Project Milestone Report (4/16)
Swamynathan Siva (swamynas) and Andrew Zhao (ahzhao)
Week |
Todo |
Week 4 (4/16 - 4/19) |
Swamy - Complete modifications to intercon simulator to support P2P comm and selective snooping
Andrew - Complete/Test MSI implementations and changes to coherence interface |
Week 4.5 (4/19 - 4/22) |
Swamy/Andrew - Integration of respective components |
Week 5 (4/23 - 4/26) |
Overflow of previous tasks/buffer |
Week 5.5 (4/27 - 4/29) |
Swamy - Implement perfect predictor Andrew- Identify/generate interesting workload traces to compare |
Week 6 (4/30 - 5/2) |
Andrew - Implement probabilistic imperfect predictor
Swamy - Workload running and data collection |
Week 6.5 (5/3 - 5/5) |
Swamy, Andrew - Write final report/presentation |
In our proposal, we hoped to have an initial implementation of CADSS modified with a directory-based cache coherence protocol complete by the milestone. So far, we have spent a substantial amount of time understanding and mapping out CADSS, planning necessary modifications, and thinking about the level of simulation depth we need from the cache and interconnect components. In the current state, we have implemented two changes to swap the simulator to directory-based coherence: (1) modifying the coherence network from a bus to one with point-to-point capabilities, and (2) modifying the existing MI protocol to an MSI one that allows shared reads. These two components have been implemented separately, but have not been merged together and are still being tested and refined. A further complication is the development being in C; we expected to be able to work in C++, but mixing languages has been more difficult than anticipated, and we are also experimenting on this front.

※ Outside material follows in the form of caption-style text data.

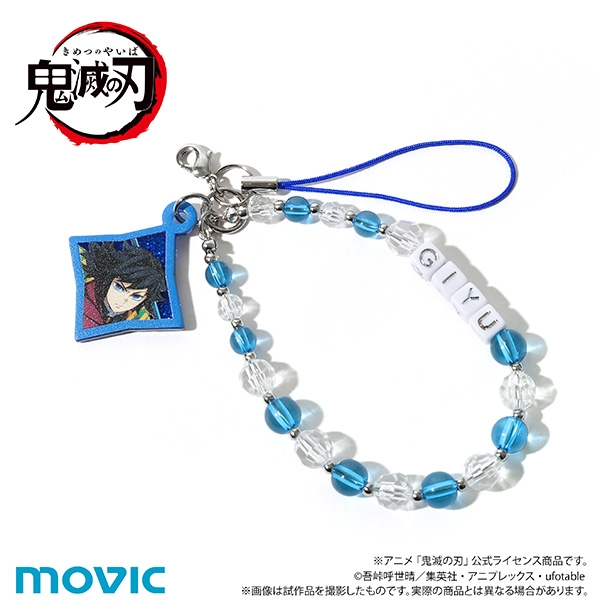 鬼滅の刃 放課後メイツ ビーズストラップ/冨岡 義勇 - 公式商品画像 | AniSmile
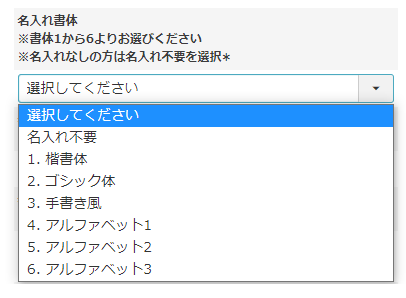 idチョキ（iDChoki）名入れ設定について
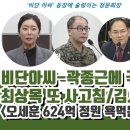 비단아씨-곽종근에 국짐 술렁 이미지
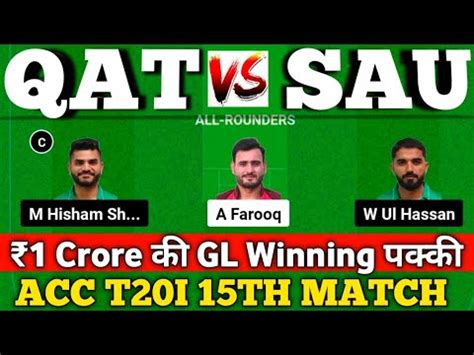 Qat Vs Sau Dream Prediction Qatar Vs Saudi Arabia Dream Prediction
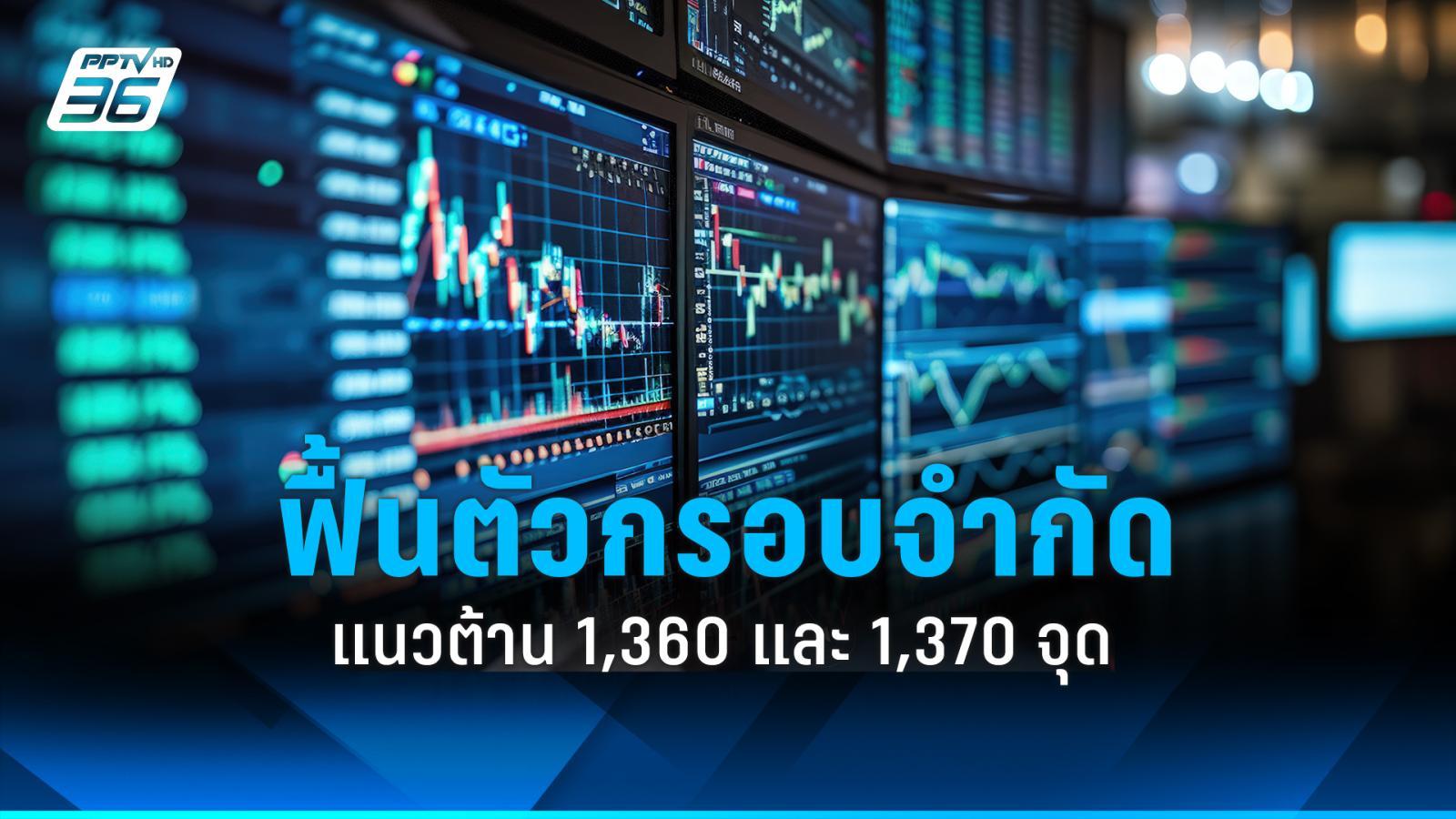 หุ้นไทยวันนี้ ฟื้นตัวต่อในกรอบที่จำกัด แนวต้าน 1,360 และ 1,370 จุด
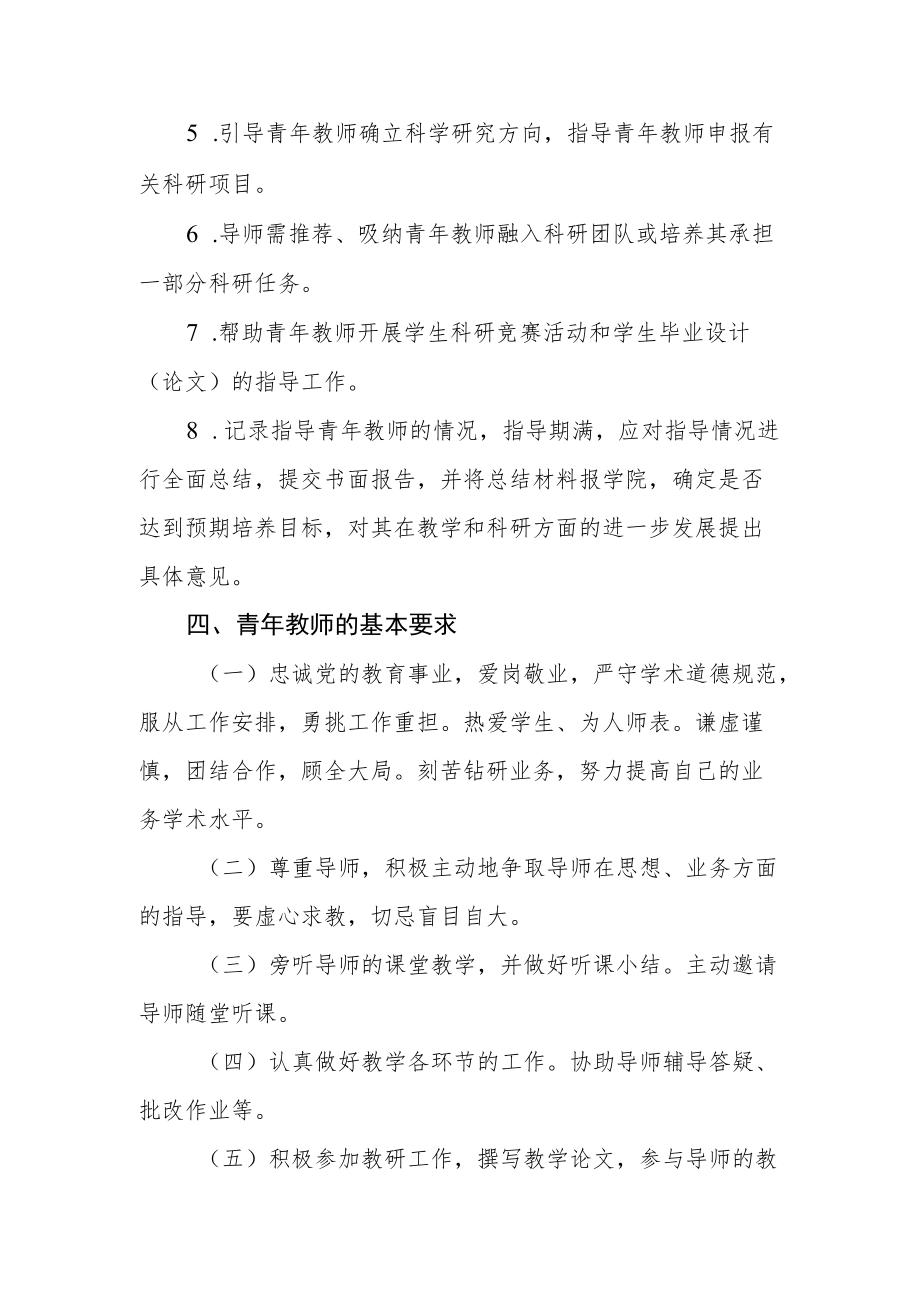 青年教师导师制实施办法.docx_第3页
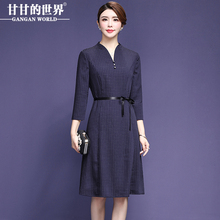 甘甘的世界大码修身韩版女装九分袖大摆秋款长裙女2018新款连衣裙图片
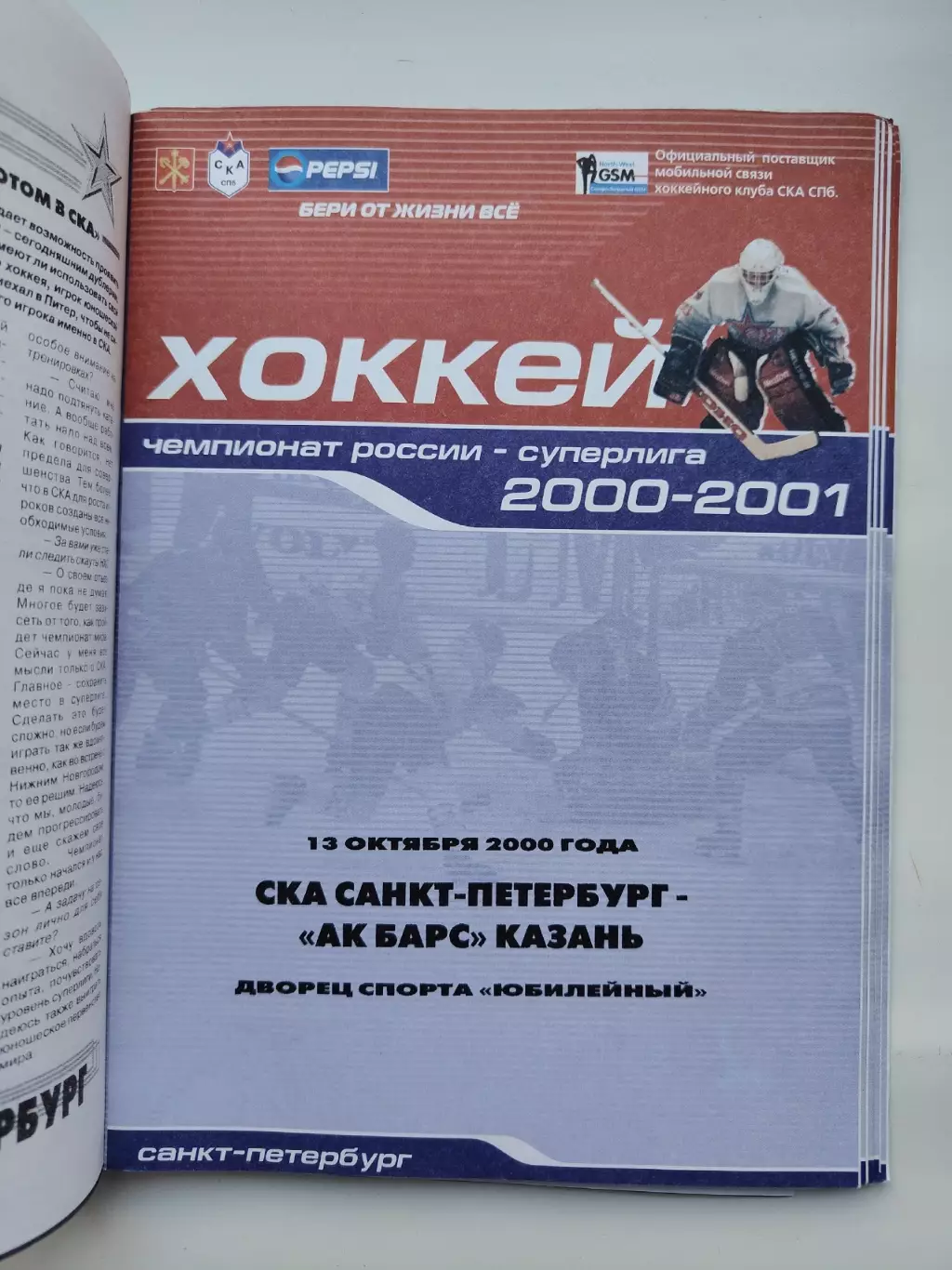 СКА Санкт-Петербург - Ак Барс Казань 13 октября 2000 (1 вид)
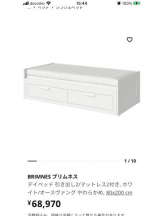 PURITY - セリーヌの女の子ブログ画像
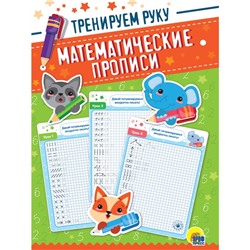 Пропись 978-5-378-31680-9 Математические прописи.Тренируем руку в Самаре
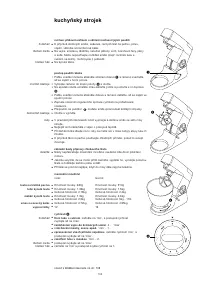 Страница 105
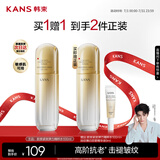 韩束金蛮腰精粹水抗皱紧致补水保湿淡化细纹面部护肤生日礼物100ml女
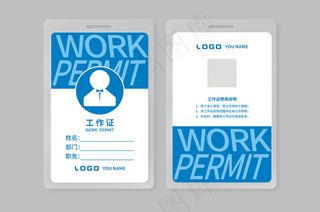 大气创意工作证设计模板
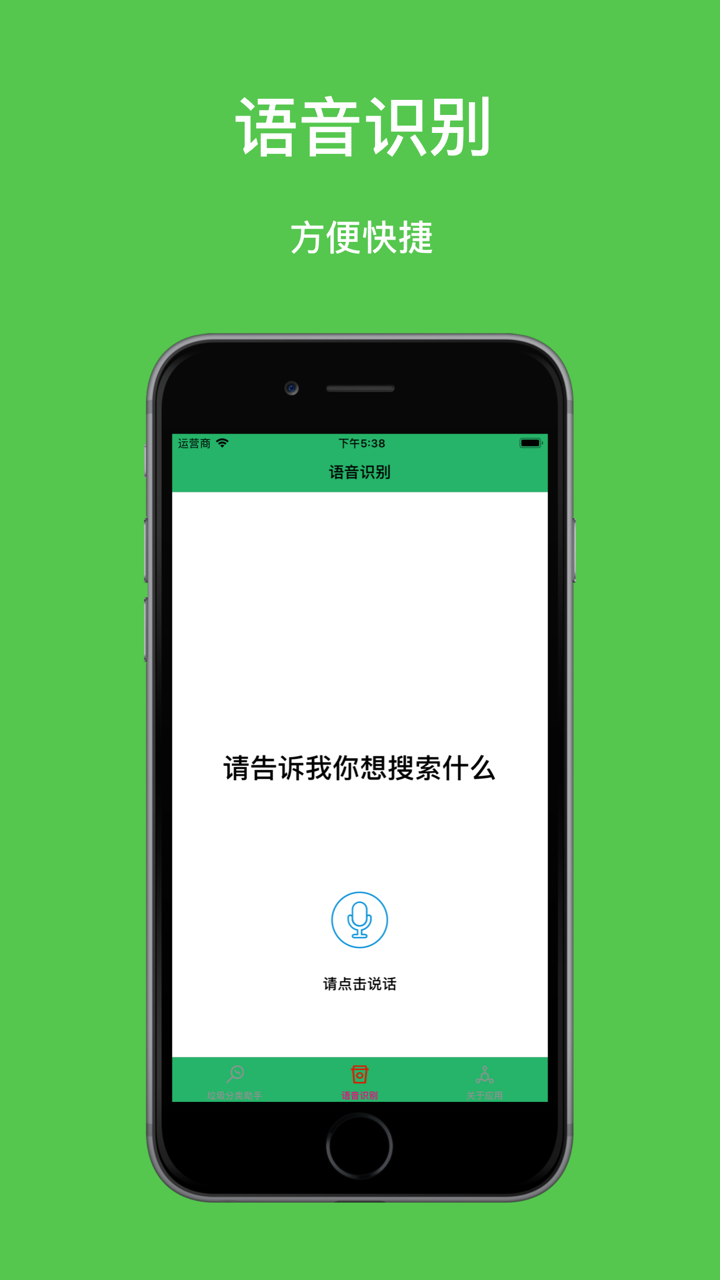 垃圾分类查询小助手 screenshot 2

Our target goals and deliverables remain similar, and the list from the proposal still holds. We still hope to show speedup graphs from our predictor simulations as our key result - in this case our speedups would be relative to the snooping bus implementations provided by the simulators, as well as speedups for coherence predictor at different prediction accuracies over a regular directory. We also hope to supplement these with analysis of which application characteristics are most amenable to speedup from directory. We believe we will be able to meet these goals barring significant roadblocks.
Additionally, we have discovered that the base CADSS simulator simplifies and abstracts systems to a greater degree than we expected. As such, we will also analyze our results from the perspective of simulation fidelity, since some benefits we hope to observe may only be observable under a higher resolution simulation. For example, we plan to start with the simpleCache for which source code is provided, keeping in mind that this implementation has infinite capacity. Since the simple processor in the simulator does not model latency on non-memory actions, all our workloads will be severely backend-bound, which may be a good thing in some cases as it brings memory performance to the forefront, but it may be bad because it anulls latency-hiding mechanisms that interleave memory with compute.
We do not have preliminary results at this time, as per our plan, simulator development is a prerequisite and is also the 75% progress point we have yet to meet.